-- Materials provided follows --
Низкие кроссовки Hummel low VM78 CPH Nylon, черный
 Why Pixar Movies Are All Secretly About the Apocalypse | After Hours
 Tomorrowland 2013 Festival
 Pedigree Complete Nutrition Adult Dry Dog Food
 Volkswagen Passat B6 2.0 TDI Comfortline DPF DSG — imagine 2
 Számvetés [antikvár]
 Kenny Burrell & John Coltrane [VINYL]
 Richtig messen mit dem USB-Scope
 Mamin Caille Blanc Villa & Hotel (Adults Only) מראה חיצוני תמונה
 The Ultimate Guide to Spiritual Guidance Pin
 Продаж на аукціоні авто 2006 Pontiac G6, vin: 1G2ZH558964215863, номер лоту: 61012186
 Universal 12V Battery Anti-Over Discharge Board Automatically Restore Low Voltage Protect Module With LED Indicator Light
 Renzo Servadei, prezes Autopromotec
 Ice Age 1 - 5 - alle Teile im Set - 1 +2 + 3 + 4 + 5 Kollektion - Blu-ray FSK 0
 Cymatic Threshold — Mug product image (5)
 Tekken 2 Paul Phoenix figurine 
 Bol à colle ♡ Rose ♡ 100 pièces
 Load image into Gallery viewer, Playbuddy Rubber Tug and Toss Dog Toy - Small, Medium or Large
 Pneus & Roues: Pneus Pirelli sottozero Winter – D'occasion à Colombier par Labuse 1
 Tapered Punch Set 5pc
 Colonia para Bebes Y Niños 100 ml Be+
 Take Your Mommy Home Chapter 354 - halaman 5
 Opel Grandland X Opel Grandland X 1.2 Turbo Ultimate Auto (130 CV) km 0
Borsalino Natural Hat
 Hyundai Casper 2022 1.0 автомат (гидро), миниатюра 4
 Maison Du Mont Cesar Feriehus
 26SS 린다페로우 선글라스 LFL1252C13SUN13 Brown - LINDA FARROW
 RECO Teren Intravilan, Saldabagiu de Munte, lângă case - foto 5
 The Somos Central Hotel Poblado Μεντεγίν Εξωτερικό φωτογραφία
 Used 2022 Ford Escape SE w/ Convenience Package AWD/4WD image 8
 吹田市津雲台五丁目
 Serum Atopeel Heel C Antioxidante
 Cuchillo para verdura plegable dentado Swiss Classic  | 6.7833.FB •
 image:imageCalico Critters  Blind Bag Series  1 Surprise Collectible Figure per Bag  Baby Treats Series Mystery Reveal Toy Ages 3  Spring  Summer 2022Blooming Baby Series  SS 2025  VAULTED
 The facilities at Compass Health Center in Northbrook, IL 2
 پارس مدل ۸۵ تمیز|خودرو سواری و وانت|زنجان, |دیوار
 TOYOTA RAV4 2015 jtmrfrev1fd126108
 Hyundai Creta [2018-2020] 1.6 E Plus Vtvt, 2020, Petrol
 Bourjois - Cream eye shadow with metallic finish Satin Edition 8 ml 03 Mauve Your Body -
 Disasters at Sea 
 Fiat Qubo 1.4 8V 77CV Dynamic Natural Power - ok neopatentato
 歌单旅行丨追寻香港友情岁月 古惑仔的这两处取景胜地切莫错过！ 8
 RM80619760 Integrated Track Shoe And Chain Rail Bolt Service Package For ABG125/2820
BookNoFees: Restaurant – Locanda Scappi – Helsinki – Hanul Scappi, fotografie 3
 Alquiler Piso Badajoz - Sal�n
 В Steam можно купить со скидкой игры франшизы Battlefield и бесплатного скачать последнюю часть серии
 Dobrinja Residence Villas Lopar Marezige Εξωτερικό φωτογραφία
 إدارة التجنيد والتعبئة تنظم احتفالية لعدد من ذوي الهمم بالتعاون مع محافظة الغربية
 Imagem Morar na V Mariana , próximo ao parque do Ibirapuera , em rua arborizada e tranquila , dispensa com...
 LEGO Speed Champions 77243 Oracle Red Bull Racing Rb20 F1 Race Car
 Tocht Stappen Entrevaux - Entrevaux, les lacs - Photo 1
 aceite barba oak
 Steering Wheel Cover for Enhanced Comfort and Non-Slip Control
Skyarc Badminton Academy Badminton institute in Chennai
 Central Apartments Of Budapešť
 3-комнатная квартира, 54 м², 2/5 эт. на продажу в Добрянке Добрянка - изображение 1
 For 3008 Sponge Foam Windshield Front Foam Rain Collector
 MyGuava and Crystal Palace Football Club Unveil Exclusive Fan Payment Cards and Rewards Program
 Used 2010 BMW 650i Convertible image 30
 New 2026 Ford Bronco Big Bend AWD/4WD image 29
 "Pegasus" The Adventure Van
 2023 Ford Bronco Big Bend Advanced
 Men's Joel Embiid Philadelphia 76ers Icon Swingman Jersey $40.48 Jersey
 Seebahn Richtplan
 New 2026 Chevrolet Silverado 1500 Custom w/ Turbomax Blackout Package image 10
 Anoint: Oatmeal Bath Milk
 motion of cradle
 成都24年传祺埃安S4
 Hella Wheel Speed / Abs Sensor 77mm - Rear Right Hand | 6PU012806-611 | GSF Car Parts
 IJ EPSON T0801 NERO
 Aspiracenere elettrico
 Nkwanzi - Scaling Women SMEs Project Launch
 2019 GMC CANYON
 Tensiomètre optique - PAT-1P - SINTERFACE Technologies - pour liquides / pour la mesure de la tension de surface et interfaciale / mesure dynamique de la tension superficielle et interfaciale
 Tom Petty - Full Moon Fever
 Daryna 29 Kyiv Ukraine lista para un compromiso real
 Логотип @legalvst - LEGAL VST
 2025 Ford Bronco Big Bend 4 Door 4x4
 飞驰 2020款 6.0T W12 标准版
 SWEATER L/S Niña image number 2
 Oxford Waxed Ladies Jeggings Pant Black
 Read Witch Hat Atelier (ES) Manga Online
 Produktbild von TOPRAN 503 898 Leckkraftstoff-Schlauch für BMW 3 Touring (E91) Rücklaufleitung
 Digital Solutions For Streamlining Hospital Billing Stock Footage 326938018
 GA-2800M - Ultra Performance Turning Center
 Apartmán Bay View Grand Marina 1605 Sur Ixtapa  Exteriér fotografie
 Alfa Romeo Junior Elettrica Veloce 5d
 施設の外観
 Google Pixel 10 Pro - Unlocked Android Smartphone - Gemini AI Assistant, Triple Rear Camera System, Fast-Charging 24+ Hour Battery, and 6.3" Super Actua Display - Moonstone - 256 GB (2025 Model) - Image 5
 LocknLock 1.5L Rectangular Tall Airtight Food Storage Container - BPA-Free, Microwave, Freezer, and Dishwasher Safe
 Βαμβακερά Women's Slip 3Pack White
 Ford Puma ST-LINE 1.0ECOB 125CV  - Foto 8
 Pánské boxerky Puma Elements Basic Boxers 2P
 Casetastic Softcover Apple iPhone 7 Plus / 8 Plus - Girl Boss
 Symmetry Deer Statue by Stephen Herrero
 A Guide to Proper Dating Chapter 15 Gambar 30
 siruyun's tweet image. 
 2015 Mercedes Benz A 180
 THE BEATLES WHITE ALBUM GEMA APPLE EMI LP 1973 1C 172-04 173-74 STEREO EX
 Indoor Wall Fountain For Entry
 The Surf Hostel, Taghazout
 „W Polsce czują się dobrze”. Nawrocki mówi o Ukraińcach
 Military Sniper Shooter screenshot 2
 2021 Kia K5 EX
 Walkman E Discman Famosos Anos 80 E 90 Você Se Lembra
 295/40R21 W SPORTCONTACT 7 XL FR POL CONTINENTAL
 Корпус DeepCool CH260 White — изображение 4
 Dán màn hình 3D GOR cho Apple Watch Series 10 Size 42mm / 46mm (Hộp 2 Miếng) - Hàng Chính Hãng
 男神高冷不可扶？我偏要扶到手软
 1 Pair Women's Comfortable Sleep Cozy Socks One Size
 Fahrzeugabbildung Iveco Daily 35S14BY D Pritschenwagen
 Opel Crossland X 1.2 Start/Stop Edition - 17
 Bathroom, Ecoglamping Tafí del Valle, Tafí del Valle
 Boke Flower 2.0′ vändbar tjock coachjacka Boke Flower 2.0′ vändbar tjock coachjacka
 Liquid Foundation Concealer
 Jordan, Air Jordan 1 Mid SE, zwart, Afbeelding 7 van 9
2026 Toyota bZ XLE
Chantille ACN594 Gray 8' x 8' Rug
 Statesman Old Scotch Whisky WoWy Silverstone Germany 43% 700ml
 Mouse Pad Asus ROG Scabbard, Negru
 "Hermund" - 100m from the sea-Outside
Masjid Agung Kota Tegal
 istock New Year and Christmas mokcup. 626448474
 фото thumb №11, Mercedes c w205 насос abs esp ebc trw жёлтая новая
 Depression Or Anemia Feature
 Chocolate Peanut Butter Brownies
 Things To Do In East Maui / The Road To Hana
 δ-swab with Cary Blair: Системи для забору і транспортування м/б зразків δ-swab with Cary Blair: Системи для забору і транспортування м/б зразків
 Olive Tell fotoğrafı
-- Materials provided concluded --
● The task: Would you please copy each line of the listing that contains the word "Wheel"?

● Your solution:
 Steering Wheel Cover for Enhanced Comfort and Non-Slip Control
 Hella Wheel Speed / Abs Sensor 77mm - Rear Right Hand | 6PU012806-611 | GSF Car Parts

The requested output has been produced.